* [Task brief]:
Each record must be returned exactly, apart from the pictures, which stay out.
########################################
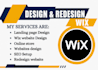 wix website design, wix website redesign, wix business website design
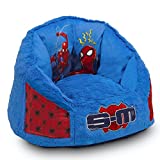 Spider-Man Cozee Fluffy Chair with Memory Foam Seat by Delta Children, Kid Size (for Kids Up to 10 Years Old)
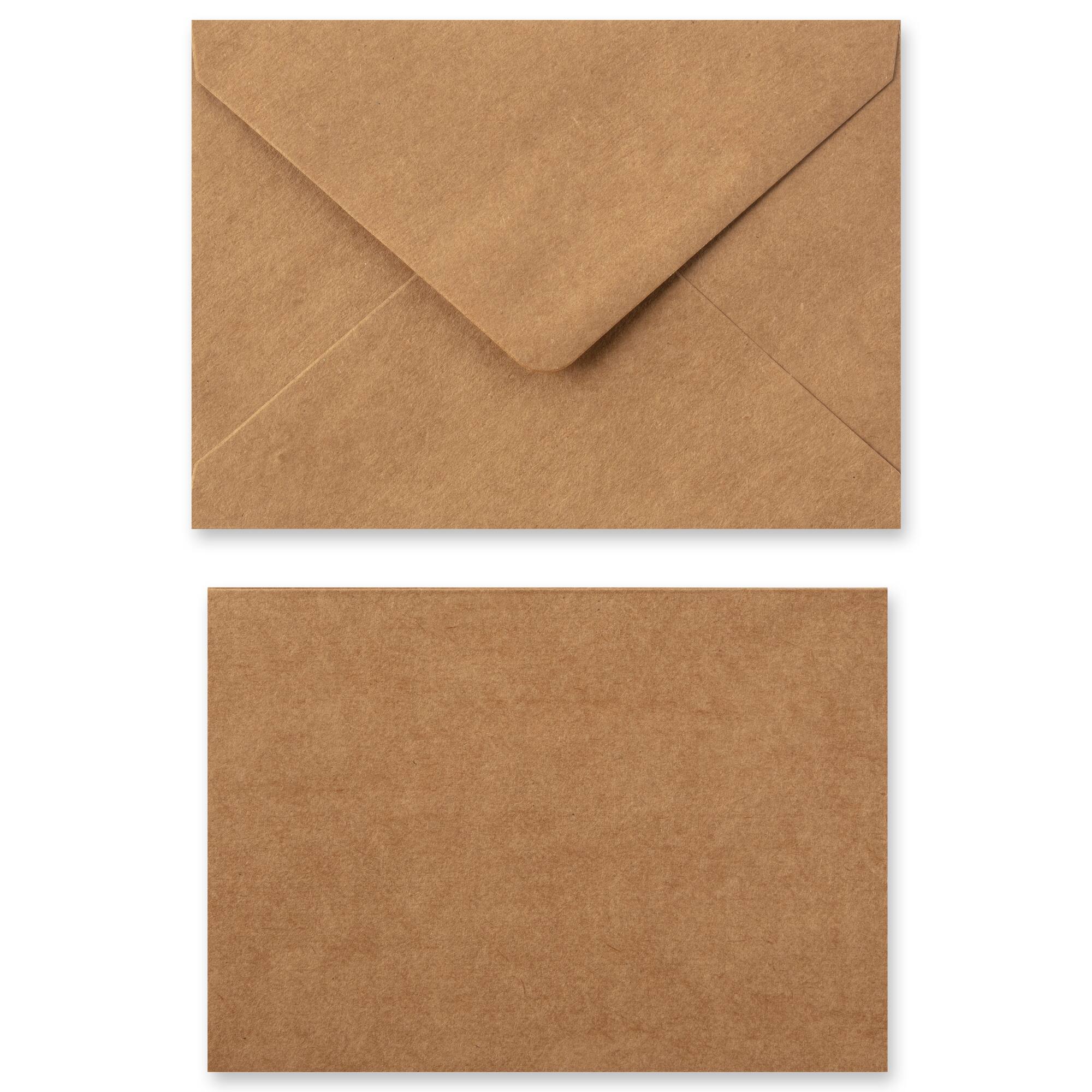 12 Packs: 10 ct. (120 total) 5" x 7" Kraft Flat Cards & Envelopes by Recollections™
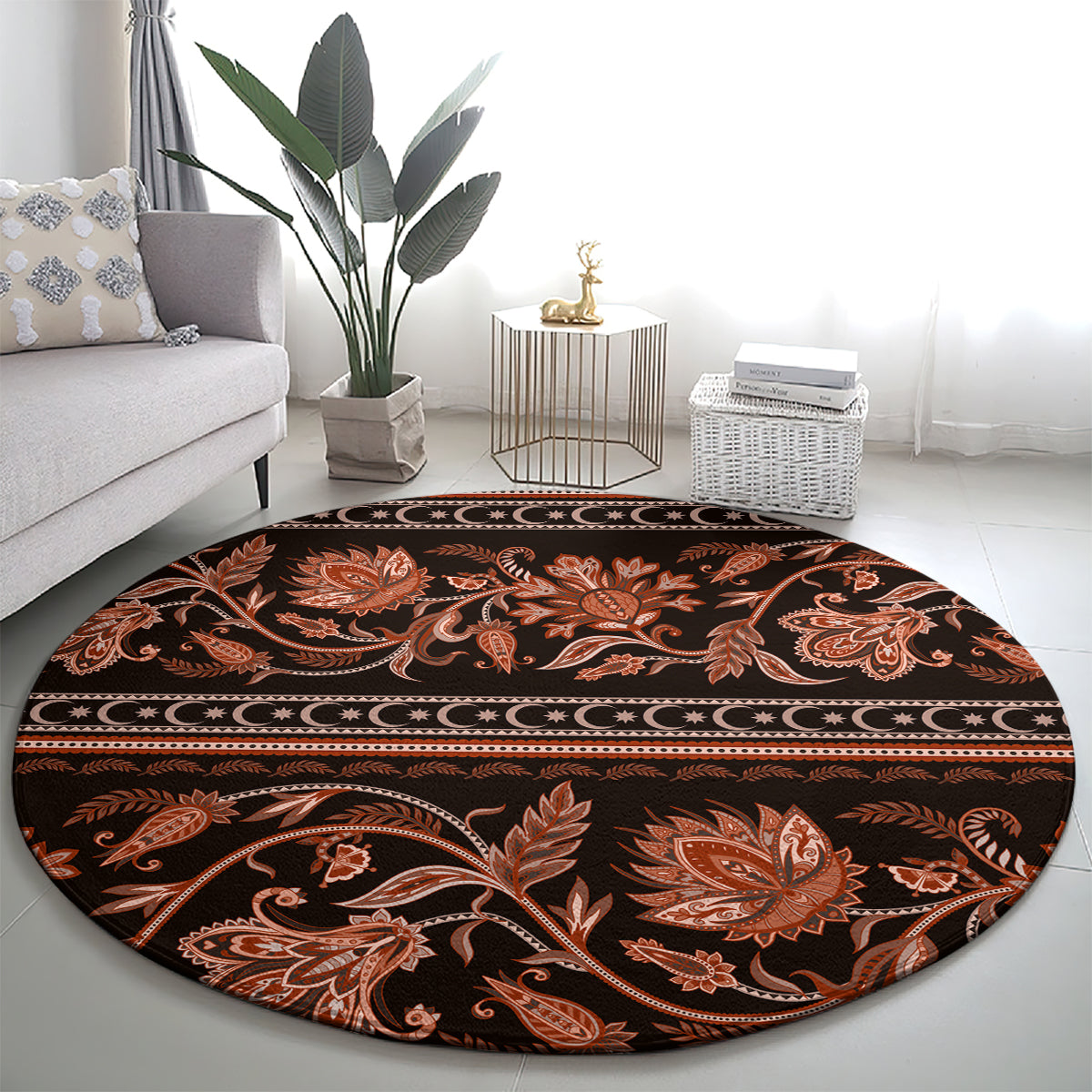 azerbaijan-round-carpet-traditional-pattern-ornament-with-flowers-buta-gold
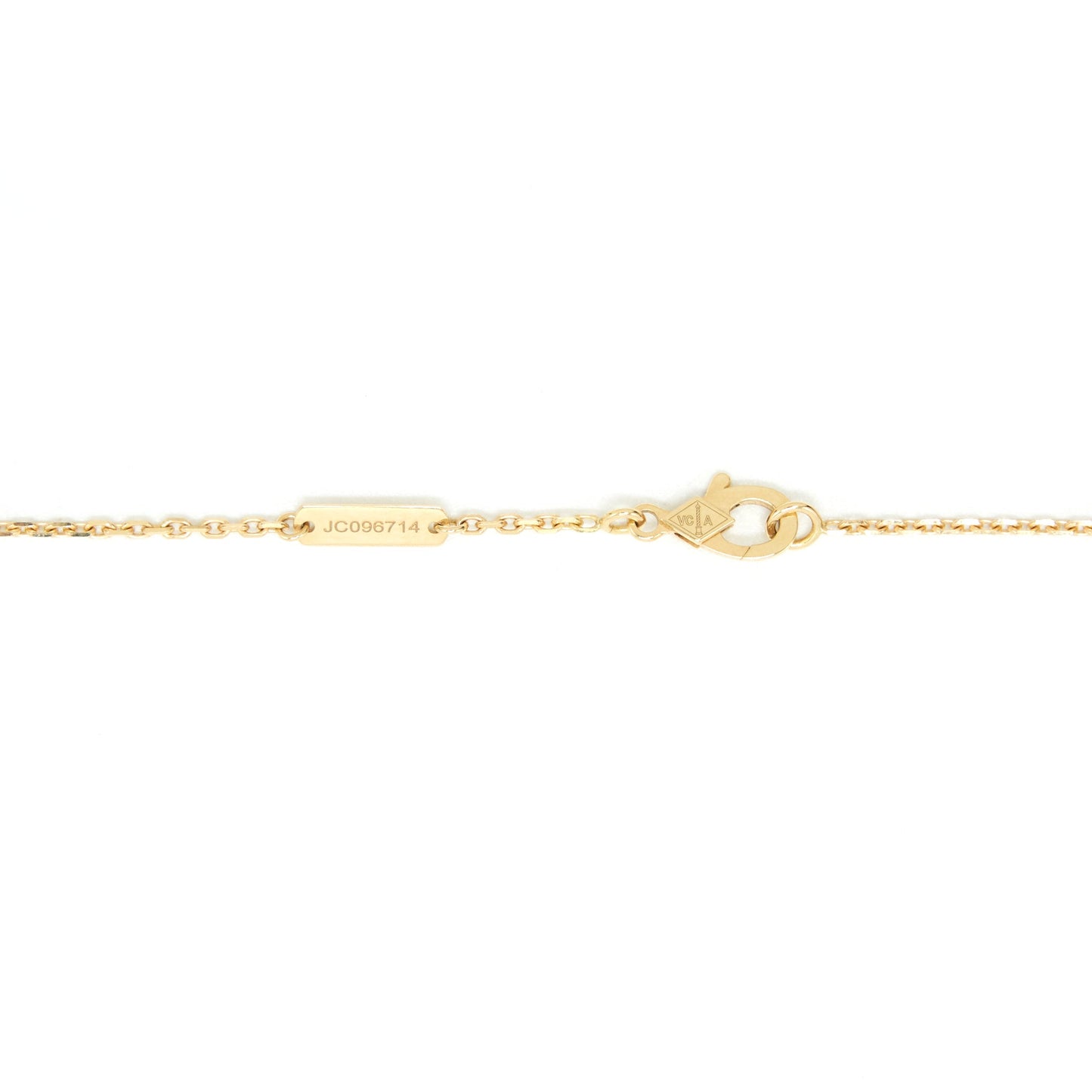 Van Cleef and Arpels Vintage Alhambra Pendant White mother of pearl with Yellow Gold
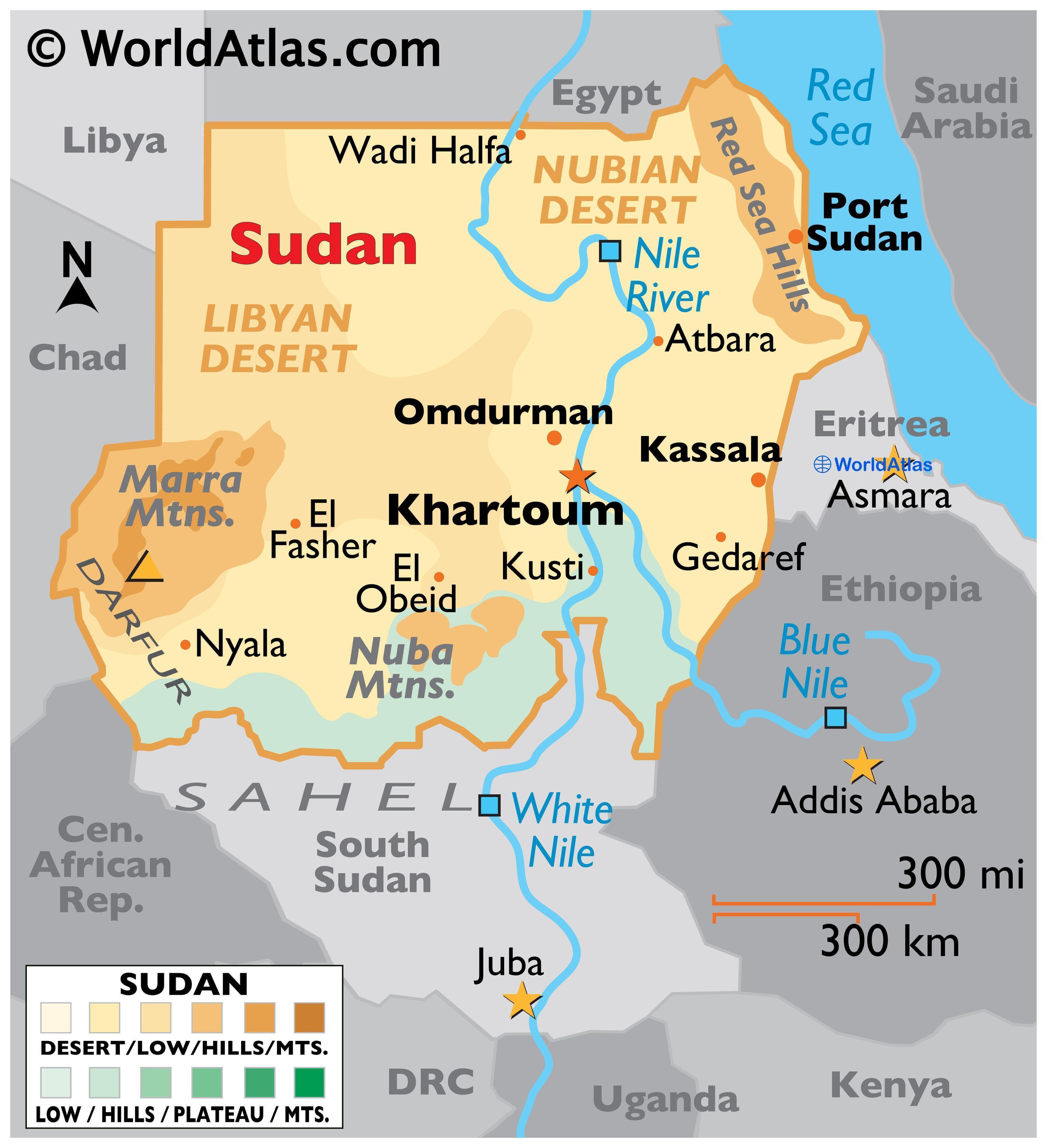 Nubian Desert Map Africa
########################################
* [Written solution]:
 wix website design, wix website redesign, wix business website design
 Spider-Man Cozee Fluffy Chair with Memory Foam Seat by Delta Children, Kid Size (for Kids Up to 10 Years Old)
 12 Packs: 10 ct. (120 total) 5" x 7" Kraft Flat Cards & Envelopes by Recollections™
 azerbaijan-round-carpet-traditional-pattern-ornament-with-flowers-buta-gold
 Van Cleef and Arpels Vintage Alhambra Pendant White mother of pearl with Yellow Gold
 Nubian Desert Map Africa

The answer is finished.